Mathematically, it is defined as
\[I(X;Y)=D_{KL}\left(P_{(X,Y)}||P_X \otimes P_Y\right)\]
in which \(D_{(KL)}\) is the Kullback-Leibler divergence or relative entropy, which measures how different two probability distributions are, and is calculated as
\[D_{KL}(P||Q)=\sum_{x\in \mathcal X} P(x) \log\left(\frac{P(x)}{Q(x)} \right)\]
which can be interpreted as the expected excess surprise from using \(Q\) as a model instead of \(P.\)
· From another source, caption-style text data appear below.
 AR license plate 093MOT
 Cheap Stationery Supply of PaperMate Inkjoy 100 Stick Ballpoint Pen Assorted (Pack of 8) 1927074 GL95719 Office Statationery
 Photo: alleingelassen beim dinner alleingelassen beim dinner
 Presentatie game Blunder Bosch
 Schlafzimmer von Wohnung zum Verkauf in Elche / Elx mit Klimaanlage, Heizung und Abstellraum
In the context of probability distributions, the tensor product of two distributions \(P_X\) and \(P_Y,\) denoted as \(P_X \otimes P_Y)\) creates a joint distribution that assumes \(X\) and \(Y\) are independent. Therefore it is just the product of of the marginal distributions of the random variables in question.
The symbol \(\parallel\) just means “parallel” and it is used for the entries of the distribution that are the input for \(D_{KL}\).
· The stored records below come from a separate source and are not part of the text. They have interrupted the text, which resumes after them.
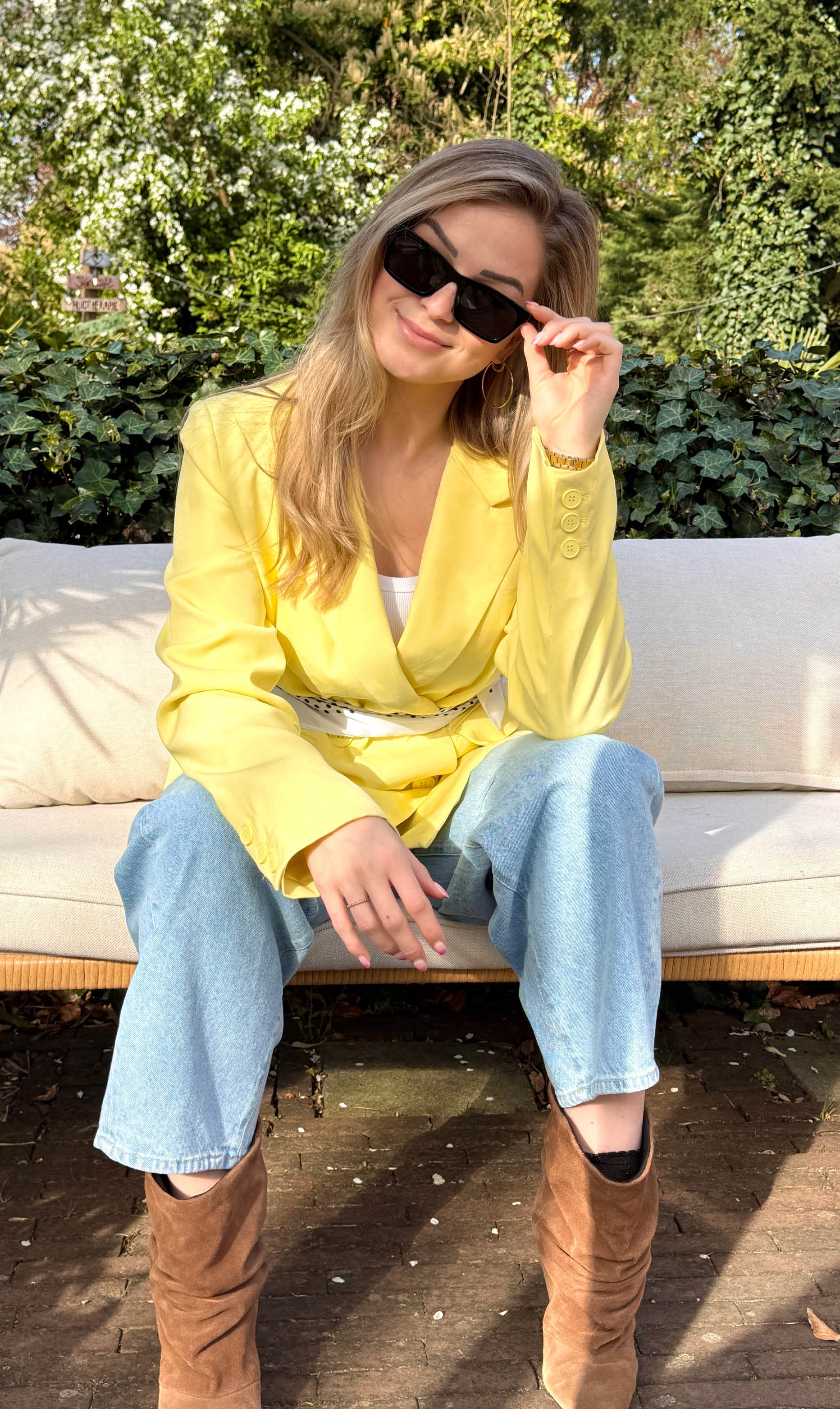 Blazer monique geel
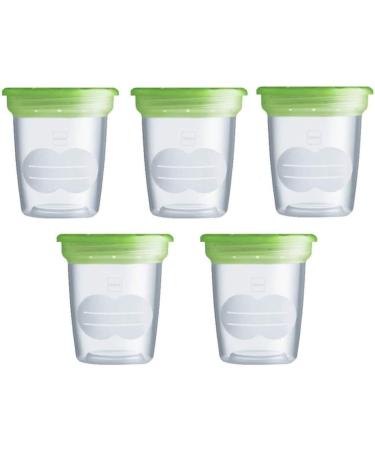 MAM set of 5 containers for milk and food made of plastic without Bpa and Bps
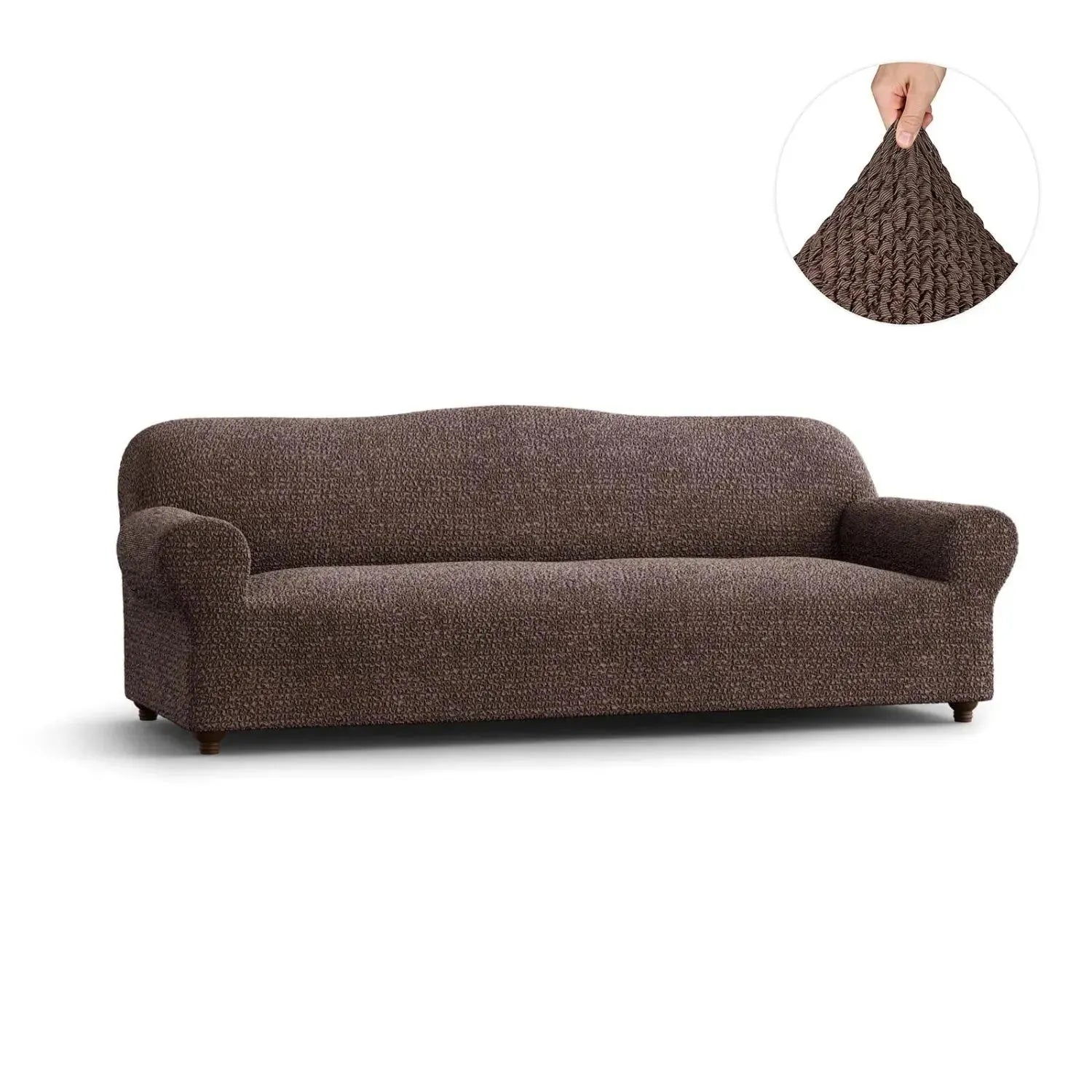 4-Seater Sofa Slipcover - Mille Righe Collection | Stretchable Furniture Protector for Living Room, Bedroom & Office | Easy Washable Couch Cover for Pets & Kids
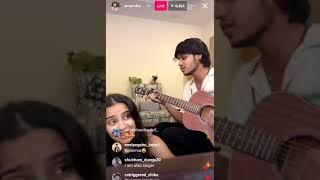 Ananya sharma and anujrehan Instagram live today (1 July) bharat chandak music called ananya in live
Equivalently, mutual information can be expressed as
\[I(X;Y)=H(X,Y) - H(X\vert Y) - H(Y\vert X)\]
For Gaussian r.v.’s if \(\mathbf{x} = [X_{1}, X_{2}]\) follows a bivariate Gaussian distribution, with mean vector \(\mathbf{0},\) unit variance for both variables and a correlation coefficient \(\rho\), we write the pdf as:
\[f_X(\bf x)= \frac{1}{2\pi\vert \Sigma \vert^{1/2}}\exp\left[-1/2 \left( \bf x^\top\Sigma^{-1}\bf x\right)\right]\]
with \(\Sigma =\begin{bmatrix}1&\rho\\\rho& 1\end{bmatrix}\)
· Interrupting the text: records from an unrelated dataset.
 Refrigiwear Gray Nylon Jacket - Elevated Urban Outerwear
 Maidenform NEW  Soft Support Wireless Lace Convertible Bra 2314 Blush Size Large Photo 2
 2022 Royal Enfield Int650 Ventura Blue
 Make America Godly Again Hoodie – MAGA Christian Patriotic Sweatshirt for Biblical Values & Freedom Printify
The entropy of the Gaussian is
\[H(x)=1/2 \log(2\pi e)\]
with \[H(X,Y)= 1/2 \log\left((2\pi e)^2(1-\rho^2)\right)\]
And hence the MI is
\[I(X;Y) = -1/2\log(1-\rho^2)\]
This is explained here.
Since \(\rho\) is in the equation we can plot MI as a function of correlation
rho <- seq(-1,1,0.001)
mi <- -1/2 * log(1- rho^2)
plot(rho, mi, type='l')
As can be clearly seen, the amount of information that we get about one random variable when we observe the other increases slowly at first and then much, much faster around \(\rho = \pm 0.8\) and then even more significantly around \(\rho = \pm 0.9.\) When \(\rho =\pm 1\) the amount of information tends to infinity – if random variables are perfectly correlated then we know everything about one of them by observing the other one.
This is consistent with Taleb’s presentation on YouTube and in Fooled by Correlation: Common Misinterpretations in Social “Science”. He says that a correlation of \(0.5\) is closer to \(0\) than \(1.\)
NOTE: These are tentative notes on different topics for personal use - expect mistakes and misunderstandings.